(Australian Associated Press)
Scott Morrison has warned against the dangers of taking a transactional, “zero-sum” approach to international relations and called for world trade reform on his first visit to London as Prime Minister.
Mr Morrison makes his maiden voyage to the United Kingdom as mass rallies and protests marking the visit of US President Donald Trump clog the streets.
Meanwhile, the UK political establishment is concentrating on the impending departure of British Prime Minister Theresa May after almost three arduous years of failed talks to strike a Brexit deal.

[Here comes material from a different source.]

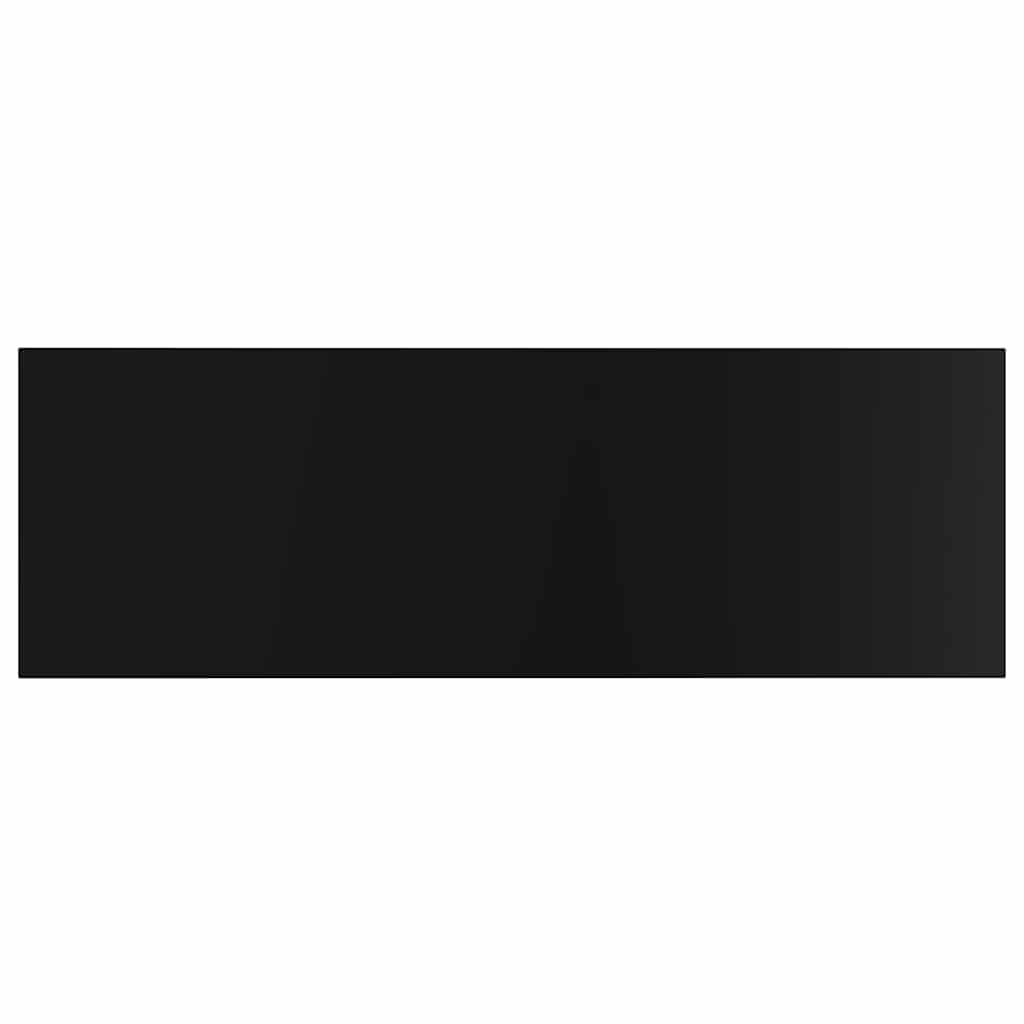 Bookshelf Boards 8 pcs High Gloss Black 60x20x1.5 cm Engineered Wood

Amid the political chaos in the UK, Mr Morrison warned a gathering of business leaders that the global trading system was under “real and sustained pressure” and that the trade conflict between the US and China was putting the prosperity and living standards of billions of people at risk.
“We must do everything we can to avoid a zero-sum mindset developing, especially when it comes to global trade and commerce,” he said in a speech to the Australian-UK Chamber of Commerce on Tuesday.

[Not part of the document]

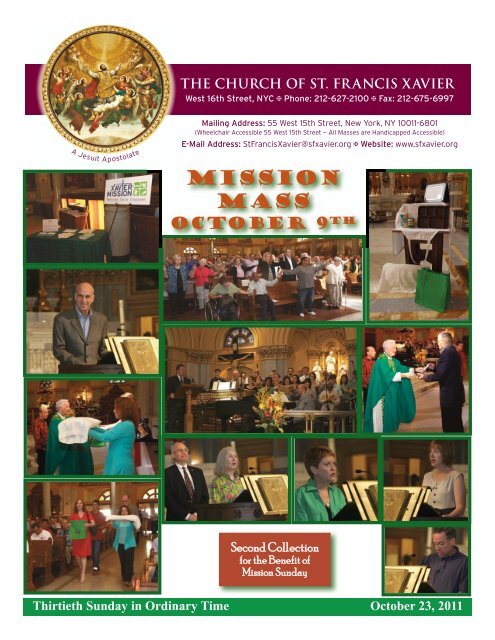 Mission Mass Church Of St Francis Xavier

“And we must guard against the lurch towards a narrow, transactional approach to international relations – where our relationships and the ambitions for the world we share, become nothing more than the sum of our deals.”

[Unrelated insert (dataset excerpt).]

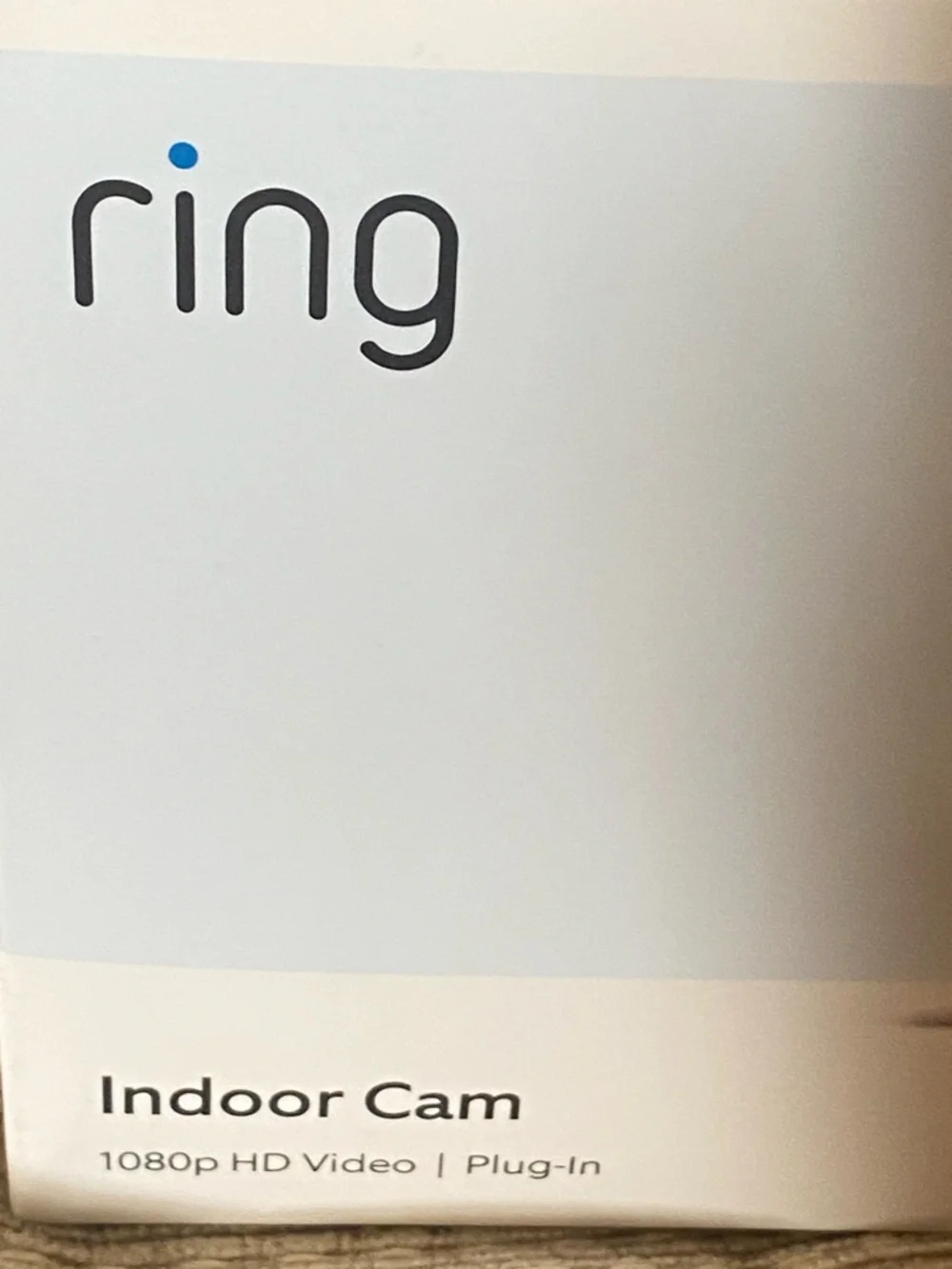 ♠️NWT Sealed Ring Indoor Cam 1080p HD Video Plug-In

The prime minister stressed that international relations were not merely economic, but fostered by shared experiences and history.
He used the example of D-Day, where he will be attending a ceremony commemorating the 75th anniversary of on Wednesday, and the Bretton Woods conference in 1944, which has underpinned the post-war liberal economic order.
Mr Morrison said that conference led to the foundation of the World Bank, the IMF and the original General Agreement on Tariffs and Trade and culminated in the establishment of the World Trade Organisation.
He called for reform of the WTO to avoid a further breakdown of international relations into a cold economic transactions.
“The WTO remains the best foundation we have for securing continued prosperity in a fast-changing world; as the Brexit debate in this country demonstrates only too well,” he said.
“So we must remain committed to this task – to allow commercial society to flourish – to allow the people in this room – the entrepreneurs, the employers, the risk takers – to make the investment decisions so vital to future prosperity.
“It is critical, therefore, that like-minded countries, including Australia and the United Kingdom, lend their support to WTO reform – to mend, not end, the rules-based trading system.”